Initially, the red blood cell (RBC) concentration increases as the plasma volume decreases. This will prompt the body to decrease the production of new RBC (erythropoiesis) to re-establish homeostatic balance. Short-duration space missions (10–14 days) have demonstrated an average 10–15% decrease in haematocrit, which is measured immediately after landing. This corresponds to a decrease of 1% RBC mass per day in space [2]. Erythropoietin (EPO) is a glycoprotein cytokine that is produced by the kidneys and stimulates RBC production in bone marrow. A decrease in reticulocyte count (immature RBC) and a decrease in serum EPO levels might indicate a change in erythropoiesis [38]. Udden et al. [118] concluded that over a 9-day mission, there was a reduction in RBC mass because few new RBC were released from the bone marrow. Another study also demonstrated a decrease in EPO levels in µg. Upon return to Earth, the EPO levels increased twofold compared with preflight measurements [119]. Interestingly, Kunz et al. [16] showed an increase in RBC concentrations during long-duration spaceflight, suggesting that the body acclimates to µg conditions and spaceflight anaemia might be less of a problem than initially thought.

4.5. Autonomic Cardiovascular System Adaptations

The autonomic nervous system is a control system that plays a key role in regulating various physiological functions, such as HR, blood pressure, and peripheral resistance of blood vessels.
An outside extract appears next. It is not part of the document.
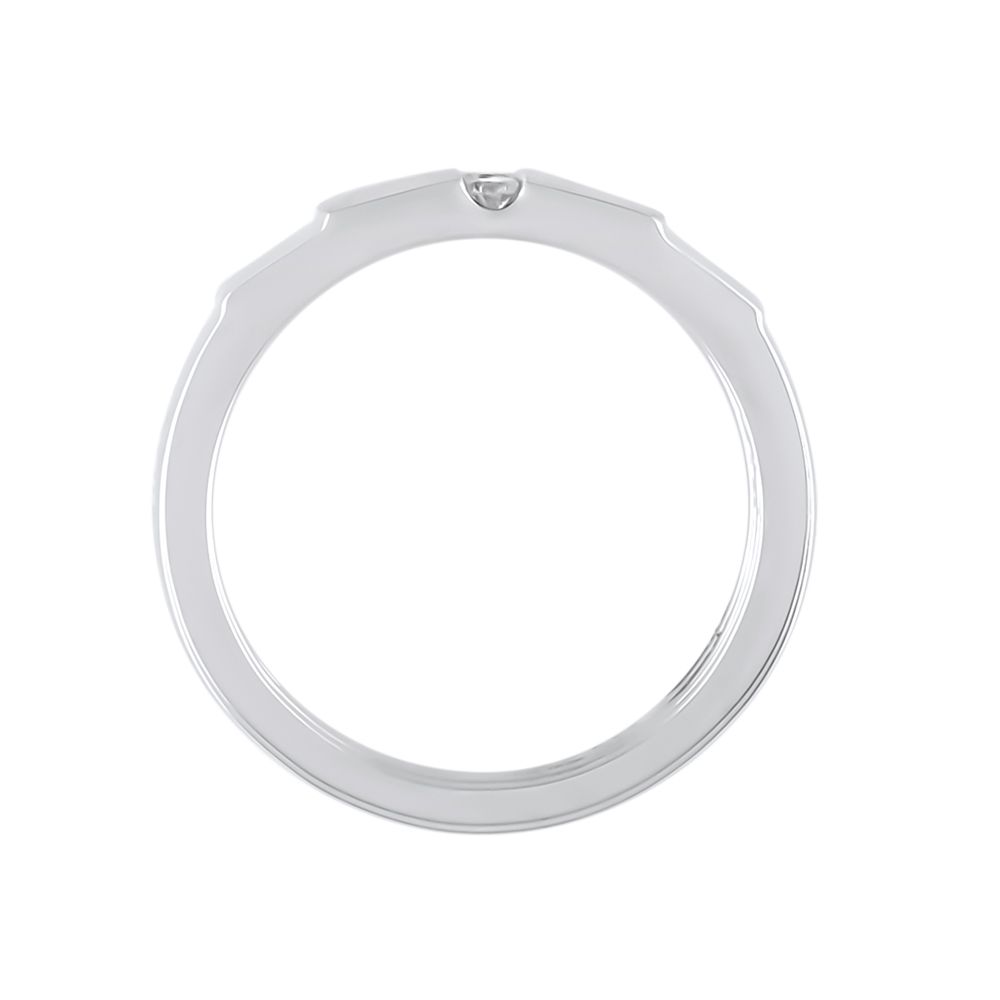 Sleek Platinum Ring For Men-Rings-PRG24M03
Autonomic cardiovascular control can be measured in a non-invasive way from the HRV and blood pressure variability [38]. HRV entails changes in the time interval between consecutive heart beats. The time interval fluctuations are complex and allow the cardiovascular system to respond to the various physical and psychological needs of the body. The HRV frequency domain values calculate the distribution of absolute or relative power into four frequency bands (HR oscillations can be divided into ultra-low frequency, very-low frequency, low frequency, and high frequency). The low frequency (LF) to high frequency (HF) ratio (LF/HF) might estimate the dynamic ratio between the sympathetic nervous system and parasympathetic nervous system [120].
Spectral analysis of HRV has demonstrated a reduction in inflight LF power, while the HF power remained unchanged compared with preflight conditions. Another study demonstrated similar LF/HF ratios and HF values inflight compared with preflight supine conditions. This indicates a predominant vagal control of HR during spaceflight. A recent study on the ISS demonstrated a decrease in the LF component of HRV, while the HF component remained unchanged during short-duration missions, again demonstrating vagal predominance [121]. It is also shown by Migeotte et al. that the HRV of crew members in space was significantly decreased during microgravity compared to preflight for normal breathing crew members in both supine and standing position, but postflight, the HRV was increased significantly in normal breathing standing crew members compared to inflight, while it was increased insignificantly for normal breathing supine crew members [30].
Over the last 40 years, there have been conflicting results regarding whether inflight HR is altered compared with preflight data [122]. However, recent research has concluded no significant changes from preflight resting rates [121]. The highest rates have been noted upon return to Earth, immediately after spaceflight [122]. Interestingly, the most prominent increase in postflight HR has been reported after very short-duration space missions (4–5 days) [22].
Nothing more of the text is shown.